10 Distinct Types of Indian Paintings

10 Distinct Types of Indian Paintings

India is well-known for its rich culture and diversity, which is reflected in many artworks and paintings. Indian paintings are distinct, vivid, and enchanting. Different styles of paintings are prevalent in different regions of India.

They all depict the various customs, ideologies, and traditions that are passed down from one generation to the other. In the past, painting styles along with wall paintings or murals existed.

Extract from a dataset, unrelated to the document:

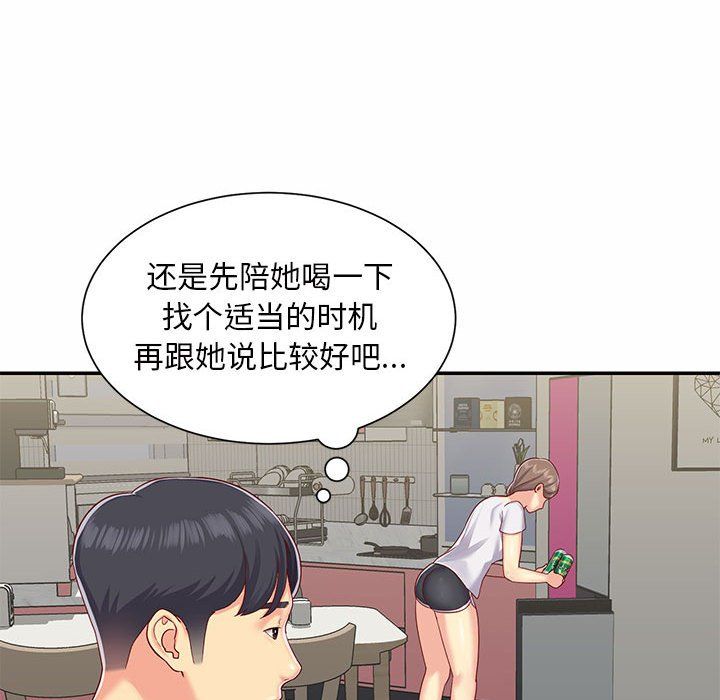 敲开你的门第5话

At present, you will find various forms of painting on canvas, cloth, and paper due to urbanization. Indian paintings are expressions of art with distinct compositions and illustrate the indigenous lifestyle. Ten of the distinct and popular types of paintings are listed below.

  1. Madhubani paintings: Madhubani is the most celebrated style of folk painting. It originated in Bihar in the form of wall art. It wasn’t until 1934 that the British colonial William G. Archer inspected the beautiful illustrations on the interiors of the house.

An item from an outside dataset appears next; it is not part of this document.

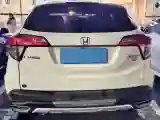 2020 Honda Vezel 1.5T 177HP L4 CVT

The portrayal of culture, tradition, simple patterns, vibrant colors, symbolic images, and eye-catching scenes from mythology makes it different from other styles of paintings.

  1. Warli paintings: The Warli paintings were a 2500-year-old tradition from the Nashik and Thane areas of Maharashtra. These paintings represent the activities of the local community. A few activities include hunting, praying, dancing, and farming.

The execution of the Warli art is similar to that of the prehistoric cave paintings with its monochromatic hues and simple geometric patterns.

  1. Kalighat painting or Bengal Pat: The Kalighat painting style originated in the neighborhood of the Kali Temple in Kolkata in the mid-19th century. Since the “patuas” created the drawings on paper, the name “Kalighata Pata” was given.

 Mostly, earthy Indian colors such as Indian red, indigo, blue, white, grey, and ochre were used by the painters.

  1. Phad: Phad is a painting tradition written in a narrative scroll form and dates back to thousand years. This style originated in Rajasthan. These scrolls illustrate legendary romances, adventure stories, battlefields, and the richness of the princely states of India. Using horizontal cloth scrolls, they are painted in hues of orange, yellow, and red.
  1. Kalamkari: Kalamkari is a 3000-year-old hand and block-painting, which allowed painters to make panels and scrolls. The name “Kalamkari” is derived from “kalam” or “pen” and is stylized with floral motifs and animal forms.
  1. Miniature painting style: The Mughals bought this distinct style in the 16th century. The elements of the Miniature painting style include Indian, Islamic and Persian. Gold, silver, conch shells, mineral colors, and precious stones are utilized in this painting style. Some of the unique attributes include detailing and fine brushwork.
  1. Gond paintings: The Gond paintings were developed by the Gondi tribe of India. These paintings were made with intricately arranged dashes and dots. In the past, cow dung, charcoal, flowers and leaves, and other natural resources were used as colors in this painting style. At present, commercial water-based colors are utilized on canvas and paper.
  1. Kerala murals: The Kerala mural paintings are vibrant and depict epics and themes of Hindu mythology. They also illustrate the mystic forms of Shakti and Shiva and the legendary heroes of the historical era.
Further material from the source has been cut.